Translated by Frances Riddle
The slums of Buenos Aires, the government, the mafia, the Virgin Mary, corrupt police officers, prostitutes, transvestites, thieves, drug dealers, cumbia music and debauchery all combine in this sweeping novel deemed to be a ‘revelation for contemporary literature’ and ‘pure dynamite’ (Andrés Neuman, author of Traveller of the Century & Talking to Ourselves, Pushkin Press).
Slum Virgin tells the larger-than-life story of Cleopatra, a transvestite who renounces prostitution after the Virgin Mary appears before her. Following the divine messages she receives, Cleo takes charge of the shantytown she lives in, transforming it into a tiny utopia. Ambitious journalist Quity knows she’s found the story of the year when she hears about it, but her life is changed forever once she steps into the shantytown and finds herself irrevocably seduced by the captivating subject of her article.

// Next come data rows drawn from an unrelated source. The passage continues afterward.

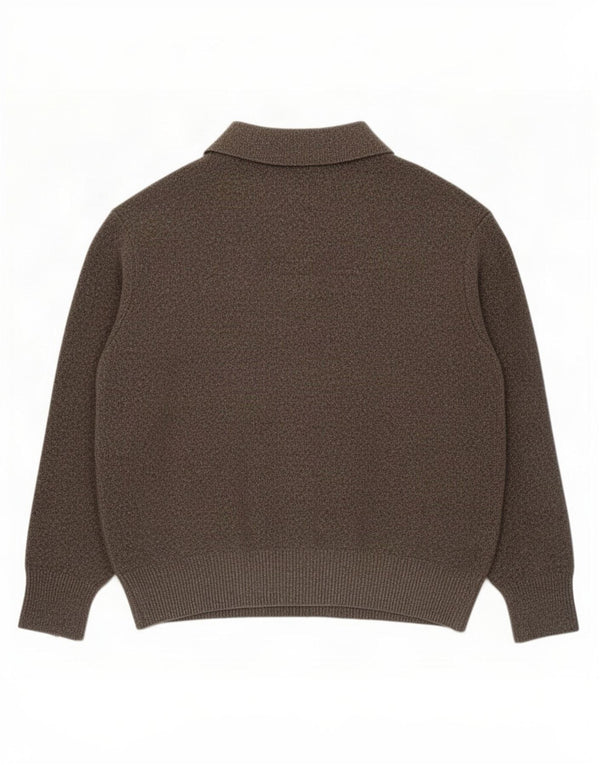 Zara Womens Polo Neck Jumper Sweater UK 16 Large Grey Polyester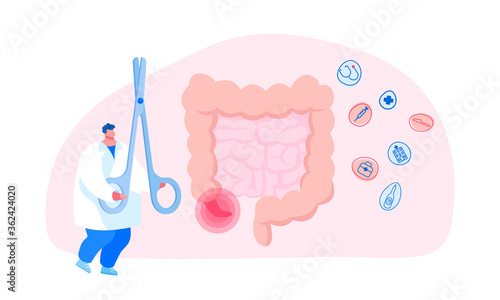 Medic Character Professional Occupation, Appendix Treatment and Aid. Doctor or Medical Nurse with Huge Surgical Clamp for Conducting Appendicitis Surgery in Hospital. Cartoon Vector Illustration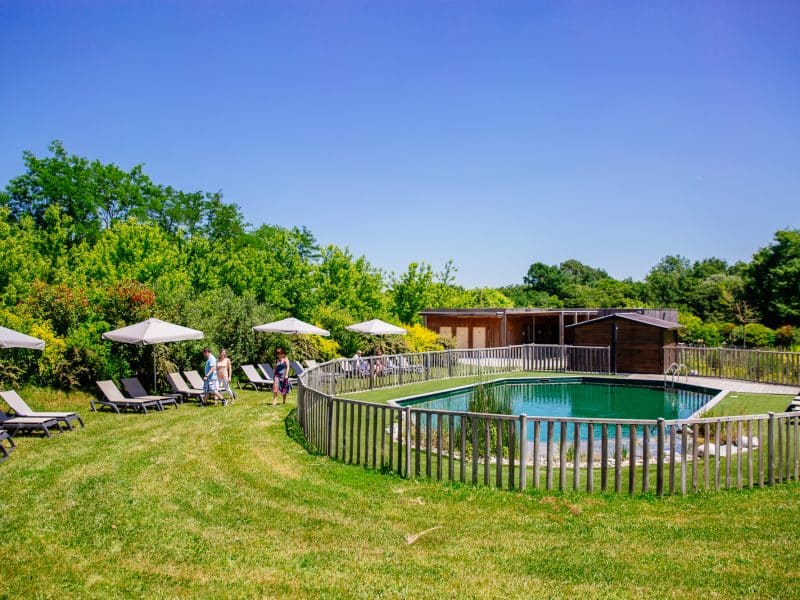 Hébergement de vacances avec piscine entourée de chaises longues et verdure luxuriante.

The densely-packed, fast-paced prose, which weaves together everyday speech, shantytown slang and classical references, pulls the reader into the story immediately. The author turns phrases with dexterity, refusing to whitewash the reality of the poor and downtrodden, and jumping deftly from tragedy to biting comedy in a way that has the reader laughing out loud.
Slum Virgin was shortlisted for the Silverio Cañada Memorial Prize at the Gijón Detective Week (Spain) and chosen as book of the year by Rolling Stone magazine (Argentina) in 2009.